Deja la maleta en la entrada, junto a la puerta. Al hacer el gesto automático, de apoyar el bastón en el marco, se da cuenta de que no lo tiene. Ha hecho el viaje desde el aeropuerto tan abstraída, que solo se ha dado cuenta de que le falta al entrar en su casa. Hace un repaso mental, hasta el último momento en el que recuerda haberlo sostenido en su mano. Lo ve apoyado en el dintel del portal, bajo la botonera de los timbres. No piensa bajar a por él. No quiere recuperarlo. Ya no necesita depender de él.
El aspecto desangelado del piso, en el que solo ha dejado lo indispensable para pasar los últimos días con un mínimo de comodidad, en contraste con la calidez de su casa ovetense, le produce sensaciones encontradas.

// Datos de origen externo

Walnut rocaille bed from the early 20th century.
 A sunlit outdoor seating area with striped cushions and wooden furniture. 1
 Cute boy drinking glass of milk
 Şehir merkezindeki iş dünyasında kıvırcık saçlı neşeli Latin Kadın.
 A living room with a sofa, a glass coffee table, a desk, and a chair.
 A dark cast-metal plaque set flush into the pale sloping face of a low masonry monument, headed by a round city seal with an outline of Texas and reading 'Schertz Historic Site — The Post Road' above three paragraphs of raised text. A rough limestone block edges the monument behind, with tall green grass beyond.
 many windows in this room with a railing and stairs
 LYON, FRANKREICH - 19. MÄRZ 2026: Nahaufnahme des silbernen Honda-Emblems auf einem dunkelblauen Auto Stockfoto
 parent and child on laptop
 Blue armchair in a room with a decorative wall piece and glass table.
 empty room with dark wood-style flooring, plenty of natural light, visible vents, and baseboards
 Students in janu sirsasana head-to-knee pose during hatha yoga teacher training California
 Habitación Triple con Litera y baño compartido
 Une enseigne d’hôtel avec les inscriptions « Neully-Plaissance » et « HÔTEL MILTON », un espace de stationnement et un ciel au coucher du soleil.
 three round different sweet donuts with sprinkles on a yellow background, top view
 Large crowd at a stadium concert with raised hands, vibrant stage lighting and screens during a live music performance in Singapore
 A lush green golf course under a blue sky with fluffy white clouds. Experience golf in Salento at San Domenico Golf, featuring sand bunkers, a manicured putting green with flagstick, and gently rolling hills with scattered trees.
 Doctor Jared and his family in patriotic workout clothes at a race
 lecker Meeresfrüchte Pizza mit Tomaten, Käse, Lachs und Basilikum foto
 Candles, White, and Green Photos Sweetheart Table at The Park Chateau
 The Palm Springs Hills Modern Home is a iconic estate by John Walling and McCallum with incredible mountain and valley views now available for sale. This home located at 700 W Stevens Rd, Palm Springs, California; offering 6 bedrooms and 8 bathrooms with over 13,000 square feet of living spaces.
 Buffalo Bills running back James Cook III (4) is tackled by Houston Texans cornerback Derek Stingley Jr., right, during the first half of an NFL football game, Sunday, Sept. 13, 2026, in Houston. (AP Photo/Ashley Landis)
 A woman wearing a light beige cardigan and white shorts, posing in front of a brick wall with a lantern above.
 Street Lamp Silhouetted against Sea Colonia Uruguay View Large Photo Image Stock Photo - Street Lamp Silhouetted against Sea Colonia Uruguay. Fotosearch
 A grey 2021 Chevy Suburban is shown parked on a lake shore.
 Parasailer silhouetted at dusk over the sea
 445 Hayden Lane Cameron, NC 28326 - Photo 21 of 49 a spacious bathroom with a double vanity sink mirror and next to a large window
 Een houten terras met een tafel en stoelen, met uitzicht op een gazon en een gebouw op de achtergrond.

Por un lado, se alegra de que la ausencia de los muebles y objetos que la han acompañado durante todos estos años, que ya ha trasladado a Oviedo, signifique que le queda poco para instalarse definitivamente en su nuevo hogar. Por otro, la invade una cierta nostalgia. Entre esas paredes, ahora desnudas, ha vivido, soñado, reído, llorado..., durante doce años. En la cama, que va a dejar en el piso, ha tenido sexo, de todos los colores, con mujeres las pocas mujeres a las que ha querido, con muchas otras, con las que solo buscaba placer esporádico. Aunque, durante todo este tiempo, no había sido plenamente consciente, al revivir las emociones, a través de la Natalia de su fic, se ha dado cuenta de que hay mucho más de ella misma, en el personaje, de lo que pretendía, cuando empezó a escribir.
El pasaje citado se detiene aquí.